### TASK GOAL
Could you print exactly the lines from the one that contains "Sticker Rond Fleur végétale (Devant)" to the end of the data, both ends included, and nothing else? Skip the pictures.

### SOURCE DATA
>>>>
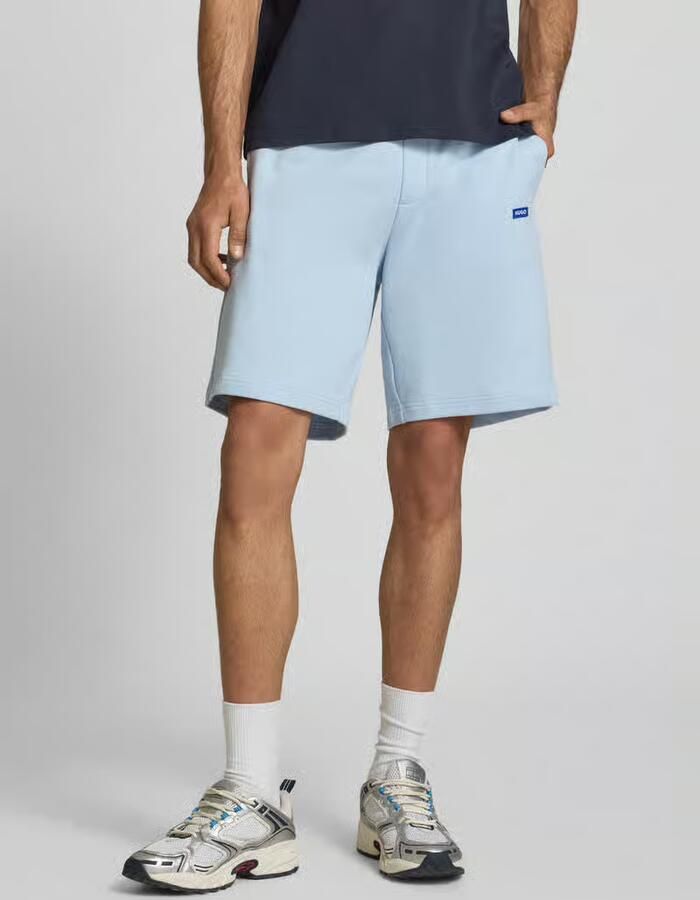 HUGO Blue Regular fit sweatshorts van puur katoen Model 'NASENSIO' - Foto 2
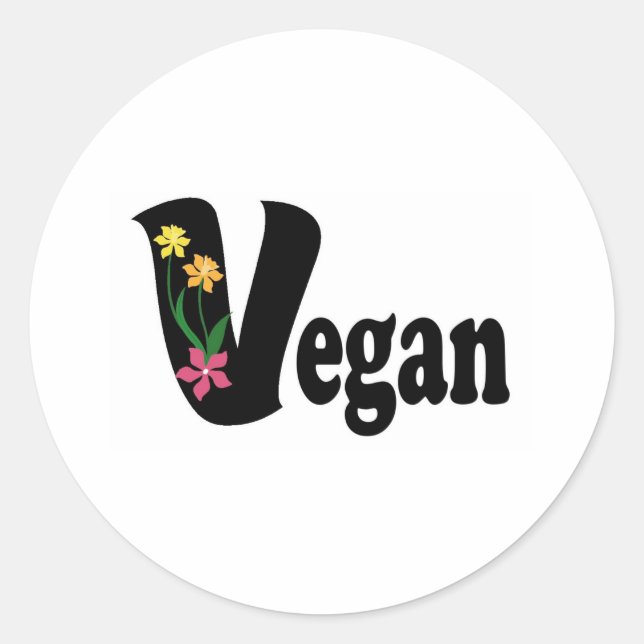 Sticker Rond Fleur végétale (Devant)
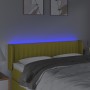 Cabecero con LED de tela verde 147x16x78/88 cm de vidaXL, Cabeceros y pies de cama - Ref: Foro24-3123479, Precio: 68,68 €, De...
<<<<
### TASK RESPONSE
 Sticker Rond Fleur végétale (Devant)
 Cabecero con LED de tela verde 147x16x78/88 cm de vidaXL, Cabeceros y pies de cama - Ref: Foro24-3123479, Precio: 68,68 €, De...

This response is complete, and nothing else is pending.